Thursday, July 15, 2010

At What Point Does Joe Biden Become a Liability?

There appears to be a bit of daylight emerging between the Joe Biden-Nancy Pelosi wing of the Democratic Party and Barack Obama.

First, consider Michael Gerson's column from this morning's Washington Post:

But last week, Vice President Biden appeared at a fundraiser for one of the least responsible critics of the Afghanistan war, Rep. Kurt Schrader (D-Ore.) -- among a handful of House members who voted to defund the war entirely. "I encourage you, old buddy, to speak out," said Biden. "You're independent. Don't let anybody take that out of you." Is it possible to imagine Biden saying the same thing of a Democrat who is a leading climate-science skeptic? Or a Democrat who dismisses Obama's health reform as socialism? 

And this isn't the first example of dissonance between Biden and the president when it comes to Afghanistan. Consider Biden's quote from The Promise:

At the conclusion of an interview in his West Wing office, Biden was adamant. "In July of 2011 you're going to see a whole lot of people moving out. Bet on it," Biden said as he wheeled to leave the room, late for lunch with the president. He turned at the door and said once more, "Bet. On. It."

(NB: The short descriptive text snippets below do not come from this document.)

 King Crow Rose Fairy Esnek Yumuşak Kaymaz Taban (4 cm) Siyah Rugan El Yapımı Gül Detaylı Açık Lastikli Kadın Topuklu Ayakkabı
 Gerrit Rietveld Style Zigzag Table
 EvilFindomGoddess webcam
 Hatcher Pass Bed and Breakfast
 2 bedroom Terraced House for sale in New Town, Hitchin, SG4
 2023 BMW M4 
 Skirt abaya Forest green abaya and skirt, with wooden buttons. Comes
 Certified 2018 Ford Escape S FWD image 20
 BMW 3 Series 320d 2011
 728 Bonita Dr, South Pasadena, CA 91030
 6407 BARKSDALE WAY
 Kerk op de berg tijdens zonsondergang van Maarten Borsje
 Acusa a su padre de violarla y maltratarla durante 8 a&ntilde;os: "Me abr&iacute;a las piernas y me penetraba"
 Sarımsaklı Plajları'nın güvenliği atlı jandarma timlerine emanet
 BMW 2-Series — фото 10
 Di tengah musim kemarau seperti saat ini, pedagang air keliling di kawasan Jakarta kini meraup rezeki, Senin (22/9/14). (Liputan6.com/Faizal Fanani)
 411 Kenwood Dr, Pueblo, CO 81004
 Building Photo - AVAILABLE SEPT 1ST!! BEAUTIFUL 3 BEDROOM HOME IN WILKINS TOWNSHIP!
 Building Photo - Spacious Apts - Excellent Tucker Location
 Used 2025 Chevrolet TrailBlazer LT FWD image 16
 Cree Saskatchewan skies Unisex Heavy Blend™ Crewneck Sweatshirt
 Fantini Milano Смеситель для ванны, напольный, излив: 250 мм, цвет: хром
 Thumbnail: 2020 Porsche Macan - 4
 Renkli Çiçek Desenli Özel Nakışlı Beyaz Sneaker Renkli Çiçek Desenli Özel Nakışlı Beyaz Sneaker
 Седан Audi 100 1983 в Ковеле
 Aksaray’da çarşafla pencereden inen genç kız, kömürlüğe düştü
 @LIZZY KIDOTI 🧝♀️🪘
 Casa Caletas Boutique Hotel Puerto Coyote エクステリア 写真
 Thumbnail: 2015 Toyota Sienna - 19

Read Robert Naiman's piece.  There is a clear division emerging within the democratic party. Consider a much more serious senior democratic senator:

Sen. Dianne Feinstein (D-Cali.), whose hawkish grounding has angered progressive in the past, likely facilitated that anger again, when she told "Fox News Sunday" that if General David Petraeus asked for more troops next summer, he should be granted them.
"I would say give it to him, absolutely," said the California Democrat. "Now, let's talk about the deadline. This is a transition point toward the beginning of a withdrawal or a drawdown as Petraeus said in his transcript before the Armed Services [Committee]. And I think he has flexibility realistically. Ten years is a long time to fight a war, particularly with what happened before the 10 years. And so we need to understand that [we have] to get the military trained, get the government online, secure and stabilize, and I think do away with the drugs to a great extent, because the drugs are now fueling the Taliban."

Between Feinstein's comments, Republican backing for continuing the war, Obama's appointment of General Petraeus, I'd say it's a good bet that the president is starting to rethink his "July 2011" draw down.

The good news for Barack Obama is that the "progressive" caucus in the House will only exist for a few more months, because after this November I expect we'll see Nancy Pelosi  - fresh off an electoral trouncing - crawl back under the rock from whence she came. Once the democrats lose the House, the heat is off and Obama will be free to command the war as Petraeus sees fit.

But there's a flip side to the good news. Once his midterm penance is finished Obama will have to return to the job of governing, and he'll have to do it with a vice president who is pretty clearly out of step with one of the key tenants of his foreign policy. From Biden's perspective, he'll know just what his boss actually thinks of him and everyone in town will know nothing Biden says carries any weight what-so-ever.

It seems that the best solution would be, after the mid terms, Biden and Obama should both to begin quietly hinting that the V.P. may be considering retirement in December of 2012. From there either elevate Hillary or go outside the box and appoint Petraeus.


And this afternoon I see an op ed in the WSJ that supports my "dump Biden" meme.